Below are some records; repeat them all exactly, minus the pictures.

(DATASET RECORDS)

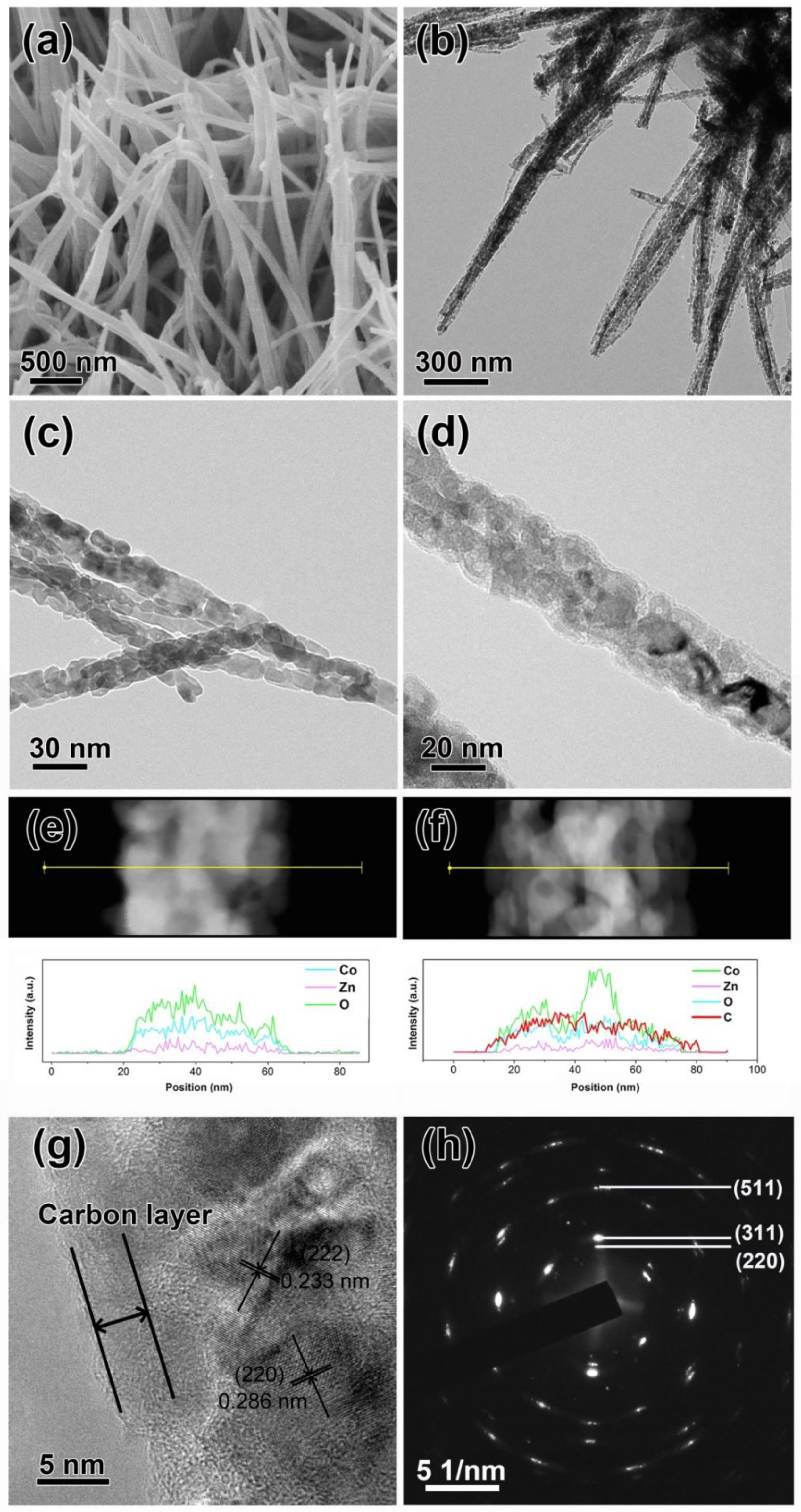 Processes 08 01501 g002 Processes 08 01501 g002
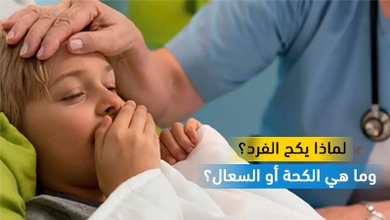 لماذا يكح الفرد؟ وما هي الكحة أو السعال؟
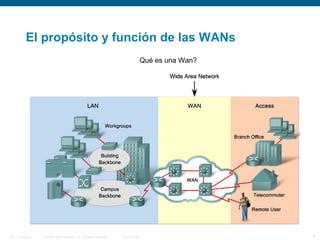 © 2006 Cisco Systems, Inc. All rights reserved. Cisco PublicITE 1 Chapter 6 4
El propósito y función de las WANs
Qué es una Wan?
 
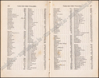 Picture of Manuel de la flore de Belgique, ou Description des familles et des genres : accompagnée de tableaux analytiques…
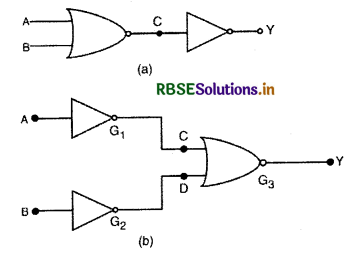 RBSE Solutions for Class 12 Physics Chapter 14 अर्द्धचालक इलेक्ट्रॉनिकी-पदार्थ, युक्तियाँ तथा सरल परिपथ 4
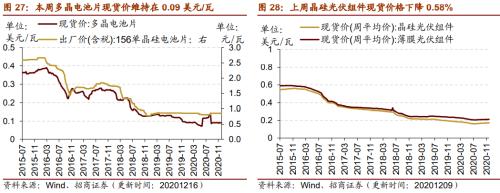 【招商策略】行業景氣觀察1216——資源品價格延續漲勢，全社會用電量同比增幅擴大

(End DATASET RECORDS)

ANSWER TO THE PROBLEM:
 Processes 08 01501 g002 Processes 08 01501 g002
 لماذا يكح الفرد؟ وما هي الكحة أو السعال؟
 © 2006 Cisco Systems, Inc. All rights reserved. Cisco PublicITE 1 Chapter 6 4
El propósito y función de las WANs
Qué es una Wan?
 
 Picture of Manuel de la flore de Belgique, ou Description des familles et des genres : accompagnée de tableaux analytiques…
 RBSE Solutions for Class 12 Physics Chapter 14 अर्द्धचालक इलेक्ट्रॉनिकी-पदार्थ, युक्तियाँ तथा सरल परिपथ 4
 【招商策略】行業景氣觀察1216——資源品價格延續漲勢，全社會用電量同比增幅擴大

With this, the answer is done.